== Description of the task ==
Reproduce the listing in full, exactly as written, but without images.
··· Given material ···
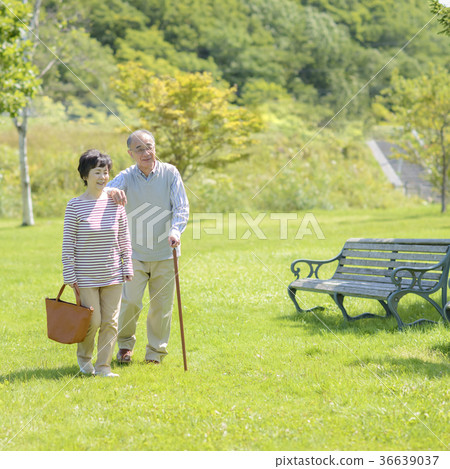 Senior couple walking 36639037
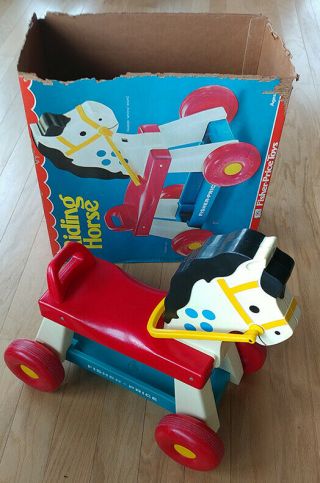 Vintage 1976 Fisher Price Ride On Horse Pony In Orig Tattered Box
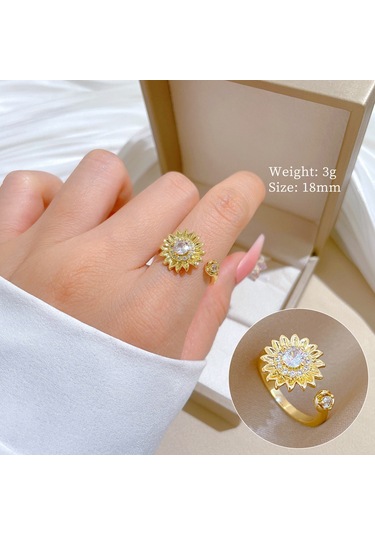 Geometrik Elmas Taşlı Yuvarlak İnci Yüzük No.94 Çok Renkli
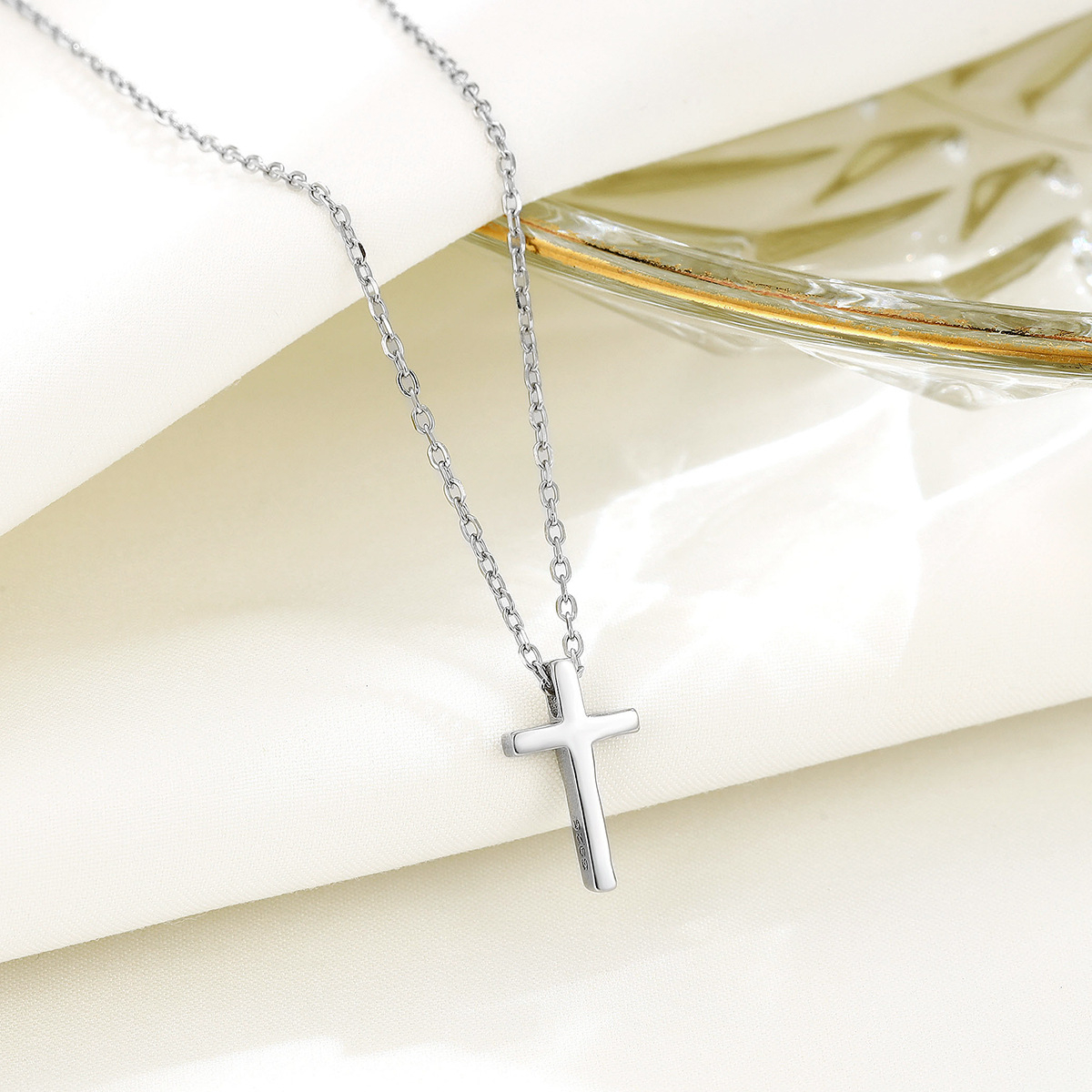 Thin Sterling Silver Chain with Minimalist Cross Pendant – Dainty Silver Necklace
···
== Exercise solution ==
 Senior couple walking 36639037
 Vintage 1976 Fisher Price Ride On Horse Pony In Orig Tattered Box
 Geometrik Elmas Taşlı Yuvarlak İnci Yüzük No.94 Çok Renkli
 Thin Sterling Silver Chain with Minimalist Cross Pendant – Dainty Silver Necklace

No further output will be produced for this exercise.